ProtoGuard-guided PROPEL: Class-Aware Prototype Enhancement and Progressive Labeling for Incremental 3D Point Cloud Segmentation

TL;DR

This work tackles catastrophic forgetting in incremental 3D point cloud semantic segmentation by introducing a two-stage framework. ProtoGuard maintains dynamic geometric and semantic prototypes for base classes to enhance discriminative feature learning, while PROPEL freezes the base model and progressively refines pseudo-labels for novel classes using BALD-based uncertainty and density/semantic cues. The approach yields strong gains over baselines on S3DIS and ScanNet, with up to 20.39% mIoU improvement in a 5-step S3DIS scenario and 24.28% on ScanNet, demonstrating effective mitigation of forgetting and improved handling of long-tail and overlapping classes. These results suggest a practical path toward robust, scalable incremental segmentation in dynamic 3D environments.

Abstract

3D point cloud semantic segmentation technology has been widely used.
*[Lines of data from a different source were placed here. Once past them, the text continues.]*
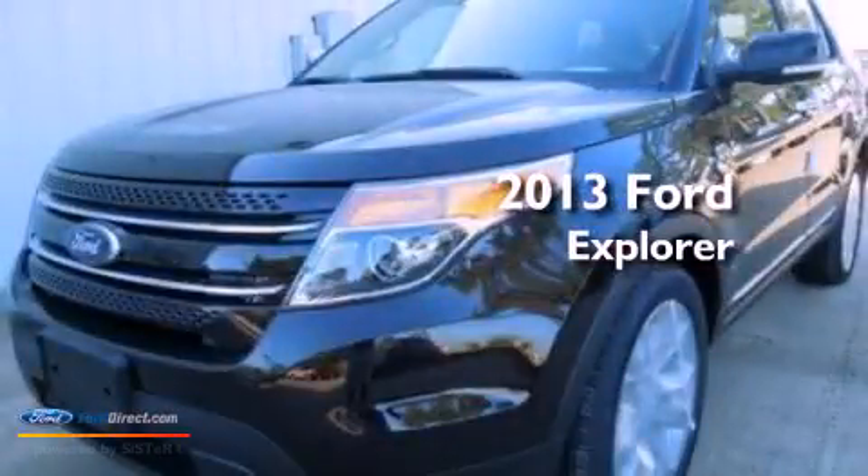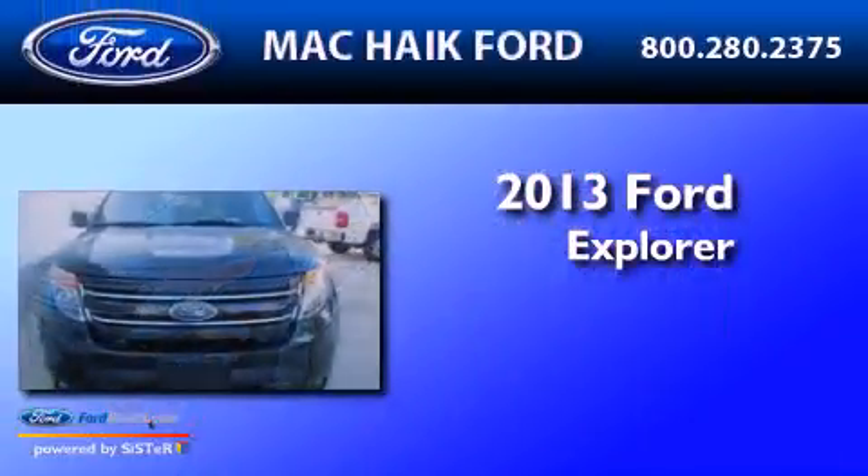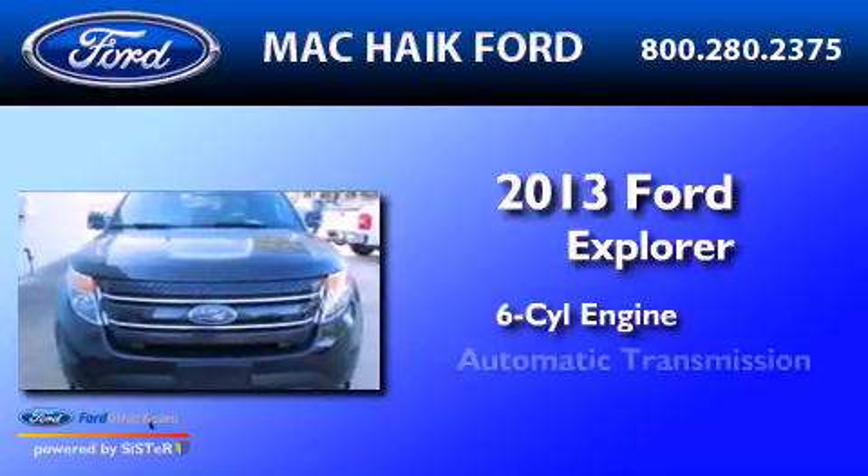This is a brand new 2013 Ford Explorer. It has a six-cylinder engine and an automatic transmission.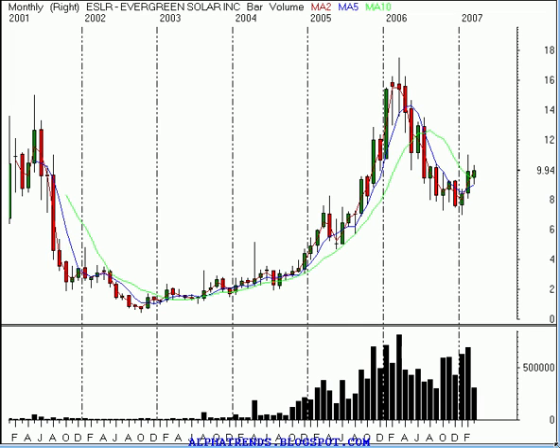Hello, this is Brian Shannon from AlphaTrends Blogspot. Today is Tuesday, March 20, 2007. It's the first day of spring, and we're looking today at shares of Evergreen Solar, symbol ESLR on Wallstrip.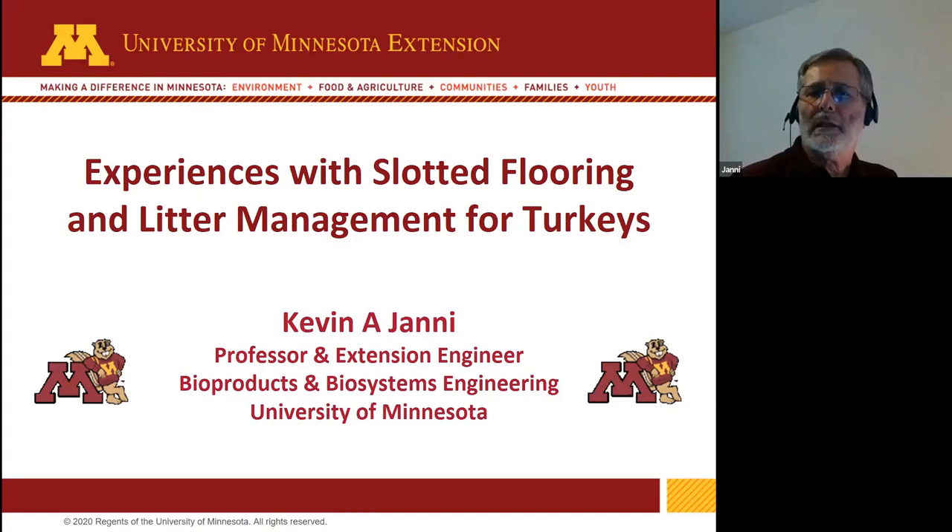Happy to be here today to tell you about the University of Minnesota research with partially slotted flooring and litter systems for turkeys. Much of this work has been led by Dr. Sally Knoll in the Department of Animal Science, but she's unable to join us today, so it's my pleasure to give you an update on what we've been working on.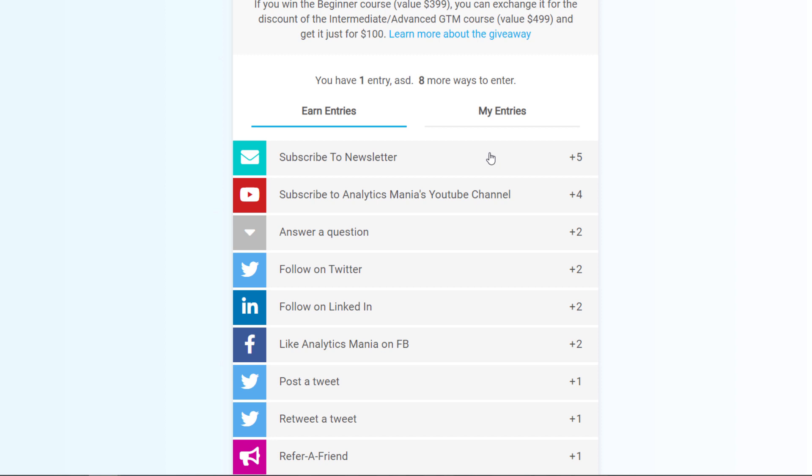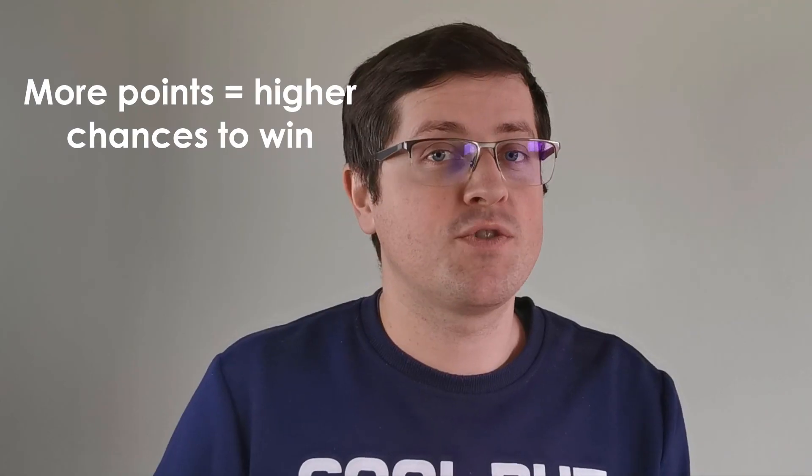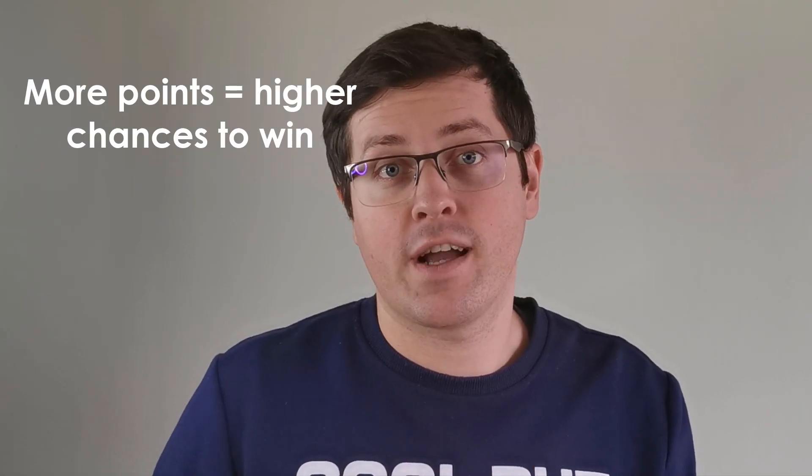The rules are very simple. You enter the giveaway and complete as many tasks as you can. For every completed task you get points, also known as entries. The more points you have, the higher your chances of winning are.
However, in real-world scenarios, the environment is evolving. Thus, offline-trained segmentation models may lead to catastrophic forgetting of previously seen classes. Class-incremental learning (CIL) is designed to address the problem of catastrophic forgetting. While point clouds are common, we observe high similarity and unclear boundaries between different classes. Meanwhile, they are known to be imbalanced in class distribution. These lead to issues including misclassification between similar classes and the long-tail problem, which have not been adequately addressed in previous CIL methods. We thus propose ProtoGuard and PROPEL (Progressive Refinement Of PsEudo-Labels). In the base-class training phase, ProtoGuard maintains geometric and semantic prototypes for each class, which are combined into prototype features using an attention mechanism. In the novel-class training phase, PROPEL inherits the base feature extractor and classifier, guiding pseudo-label propagation and updates based on density distribution and semantic similarity. Extensive experiments show that our approach achieves remarkable results on both the S3DIS and ScanNet datasets, improving the mIoU of 3D point cloud segmentation by a maximum of 20.39% under the 5-step CIL scenario on S3DIS.

Figures (4)

• Figure 1: Visualization of the distribution of each class in ScanNet dai2017scannet and the degree of overlap between classes. We define the degree of overlap between two classes as the ratio of points in one class closer than 0.1 meters to the point cloud of another class.
• Figure 2: Illustration of ProtoGuard. It is divided into two nearly symmetric geometry-semantic streams, each maintaining a geometric prototype and a semantic prototype for each class. These prototypes improve the model's discriminative ability and when combined with edge features, generate more informative features.
• Figure 3: Illustration of PROPEL. The PROPEL framework features a dual-pathway architecture for point cloud CIL. The frozen base model (blue) and trainable novel model (green) process point clouds simultaneously, while our uncertainty estimation module identifies confident (orange) and uncertain (blue) regions. The adaptive threshold dynamically adjusts based on local context, enabling strategic label propagation from confident areas to uncertain regions.
• Figure 4: The visualization of the segmentation results from our method, compared with other CIL methods EWC kirkpatrick2017overcoming, LwF li2017learning, and GFT+UPG yang2023geometry, on S3DIS with $C_{\text{novel}}=5$ and $C_{\text{novel}}=3$ for split = 0, shows that our method's segmentation results are closer to the ground truth.